「田舎暮らし」の断片(1)── 移住民が新たに価値を見出した「薪ストーブ」
「カラマツ」という悩ましい存在
もともとゴルフ場は、「カラマツ林を抜ける爽やかな林間コース」という触れ込みで開発されたという。しかし、この「カラマツ」がクセモノなのだ。戦後、特に長野県では盛んに電柱や枕木の材としてカラマツが植林された。しかし、すぐに輸入材やコンクリートに押され、経済的な価値を失った。そのため、今はほとんどのカラマツ林が十分に手入れされていないのが現状だ。「原生林は自然更新ができるけれど、一度人間の手が入った森はそれができない。人工林は間伐を前提に作られているのです」と「八ヶ岳森林文化の会」の南波一郎さんは言う。 この「吉田山」の場合は、ゴルフ場予定地だった約200haを後に市が買い取って「市民の森」と名付け、県の助成金を使い、「八ヶ岳森林文化の会」がボランティアで管理している。
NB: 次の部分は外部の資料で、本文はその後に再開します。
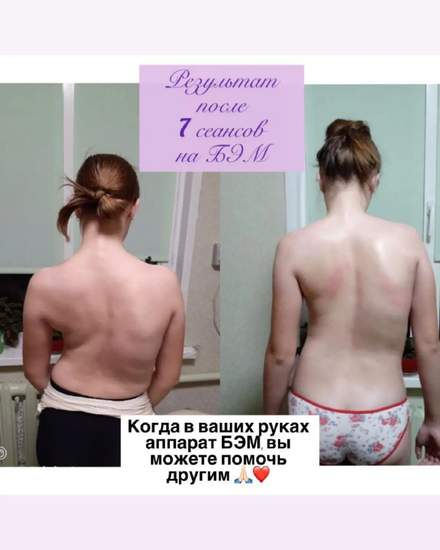 ОРГАНЫ ПОД ЗАЩИТОЙ БИОЭНЕРГИИ. | Массаж | Алматы | 6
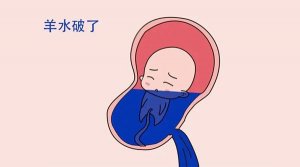 羊水破了之后多久会生产？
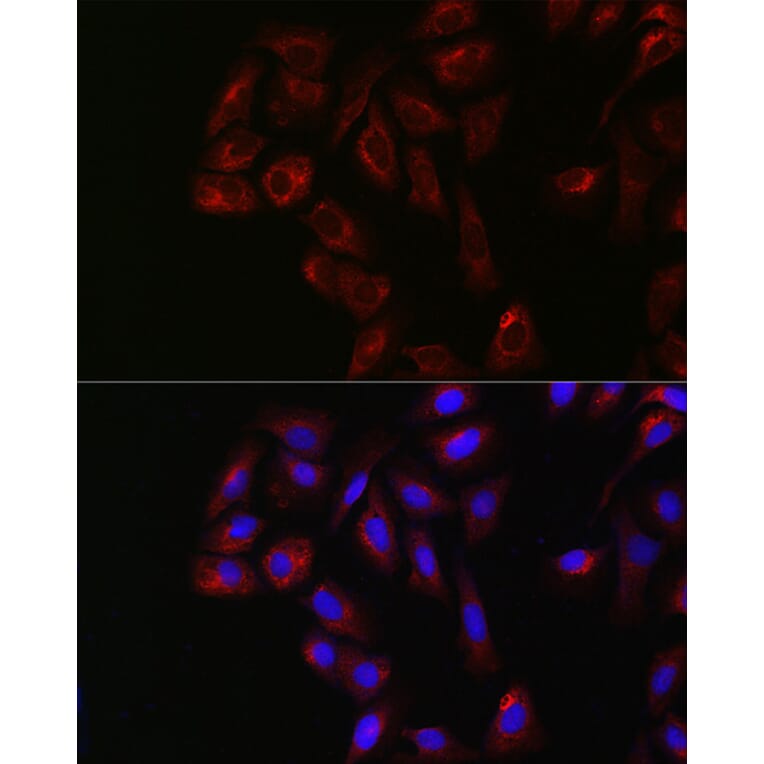 Immunofluorescence - Anti-Yes1 Antibody (A12663) - Antibodies.com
「仮に間伐した木材を売ったとしても運送費と人件費で赤字になります。助成金がなければどうにもなりません」と定成さんが言うように、このように里山を継続的に間伐して管理できるケースは稀だ。 加えて、現在の森林法では、木を倒したままその場に放置する「切り捨て間伐」が禁止され、間伐材は全て山から持ち出し、何らかの形で利用しなければならない。だが、多くは薪くらいにしか使えないのが現状だ。しかも、カラマツとなると、薪としても「燃え尽きるのが早い」「温度が上がりすぎてストーブを傷める」などの理由で敬遠されがちなのだ。カラマツの利用を促進するために開発された専用の「カラマツストーブ」などもあるが、広く普及しているとは言いがたい。
里山保全に携わる大半は「移住民」
我が家では外国製のアンティーク級の薪ストーブを使っているが、カラマツを毛嫌いせず、火がつきやすい性質を利用して、炊き始めや火力アップの際に広葉樹と混ぜる形で積極利用している。自分の「田舎暮らし」の現実において、最も安くて手に入れやすい燃料を使わない手はないからだ。 「八ヶ岳森林文化の会」の皆さんは、そこから一歩も二歩も踏み込んで、里山を荒廃から救い、地域活性化に結びつけようという志で動いている。そして、半分予想しつつ驚きもしたのだが、100人弱の会員の9割方は、理事長の定成さんを含め、都会からの「移住民」だという。